Since we only study the simple logistic regression model, only one predictor variable is included in the model. We first perform exploratory data analysis on the predictor variable to make sure the variable is not extremely skewed.
Since the simple logistic regression contains only one continuous
variable of a binary categorical variable as the predictor variable, no
there is no issue of potential imbalance. We will not transform distance
and fit a logistic regression directly to the data.

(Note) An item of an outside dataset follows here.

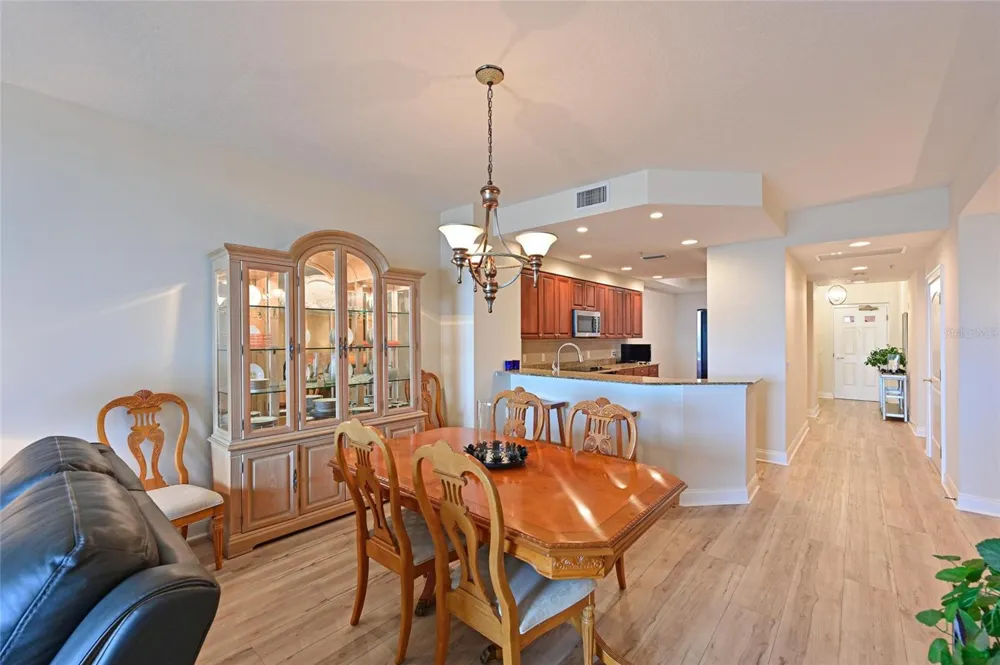 615 RIVIERA DUNES WAY #107 Palmetto, FL 34221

## Waiting for profiling to be done...
| Estimate | Std. Error | z value | Pr(>|z|) | 2.5 % | 97.5 % | |
|---|---|---|---|---|---|---|
| (Intercept) | 6.7627078 | 0.5444277 | 12.42168 | 0 | 5.7399740 | 7.877643 |
| distance | -0.1208357 | 0.0122852 | -9.83590 | 0 | -0.1457751 | -0.097540 |
From the table above, distance is negatively associated with the success of the kick which is expected. This is because the further away you are from the goal line, the smaller chance you have of scoring.

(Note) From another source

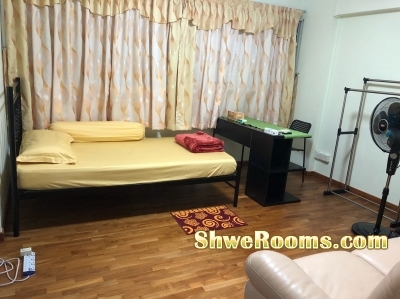 2 min from Khatib MRT - Big Common Room for only one person who want to stay in privacy 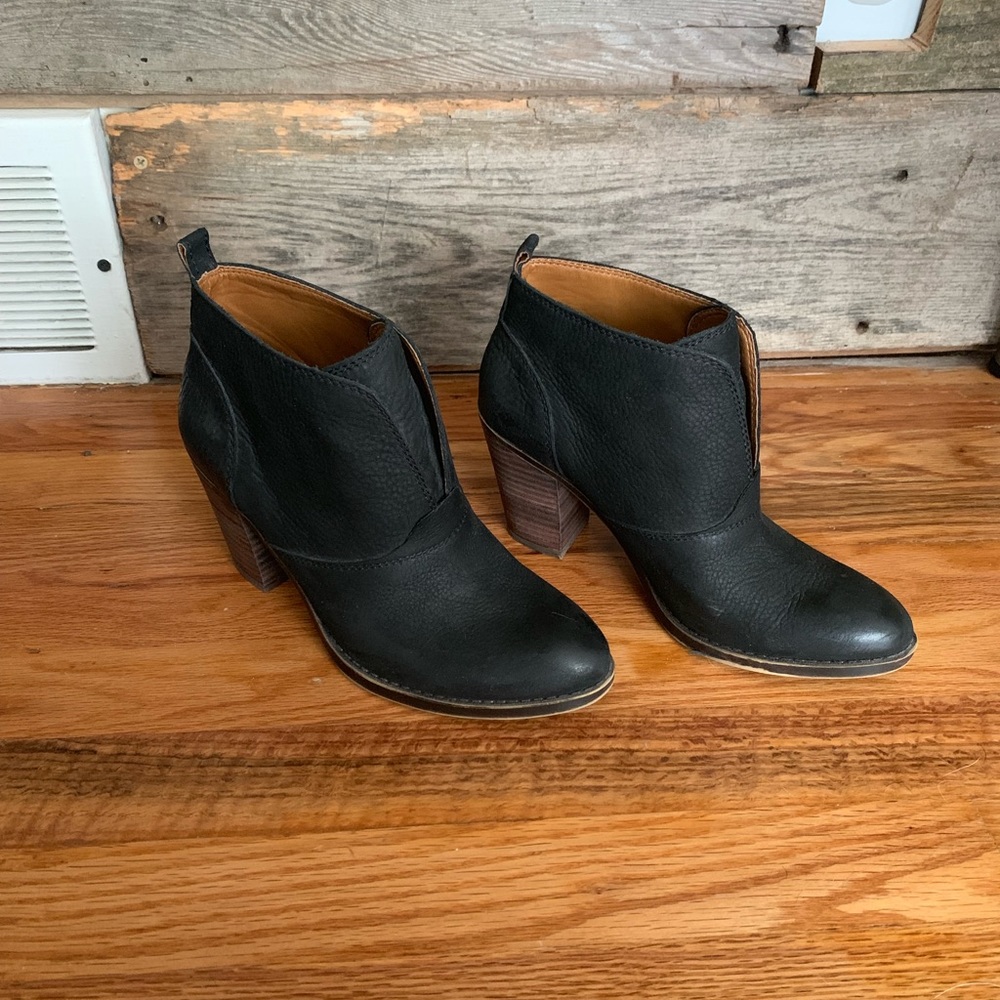 Lucky Brand Ehllen Bootie 7.5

Next, we convert the estimated regression coefficients to the odds ratio.
| Estimate | Std. Error | z value | Pr(>|z|) | odds.ratio | |
|---|---|---|---|---|---|
| (Intercept) | 6.7627078 | 0.5444277 | 12.42168 | 0 | 864.9812621 |
| distance | -0.1208357 | 0.0122852 | -9.83590 | 0 | 0.8861796 |
The odds ratio associated with distance is 0.886 meaning that as the distance increases by one yard, the odds of having a successful field goal decrease by 12%.

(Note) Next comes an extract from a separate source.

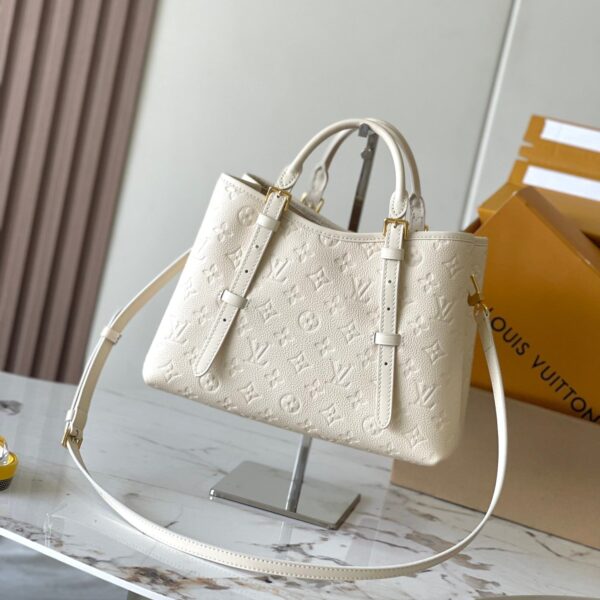img_1578ca1d_20240929_a1727599428958_0701_jpg BABYLONE TOTE 31 IN WHITE MONOGRAM EMPREINTE LEATHER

Some global goodness-of-fit measures are summarized in the following table.
| Deviance.residual | Null.Deviance.Residual | AIC |
|---|---|---|
| 686.9 | 817.7 | 690.9 |
Since the above global goodness-of-fit is based on the likelihood function, we don’t have other candidate models with corresponding likelihood at the same scale to compare in this simple logistic regression model, we will not interpret these goodness-of-fit measures.
The success probability curve (so-called S curve) is given below.
The left-hand side plot in the above figure is the standard S curve representing how the probability of a successful field goal decreases as the distance decreases. After diving deeper to see the rate of change in the probability of a failed field goal, we obtain the curve on the right-hand side that indicates that the rate of change in the probability of successful field goals decreases when distance is less than 55 yards and inecreases when distance is greater than 55. The turning point is about 55 yards.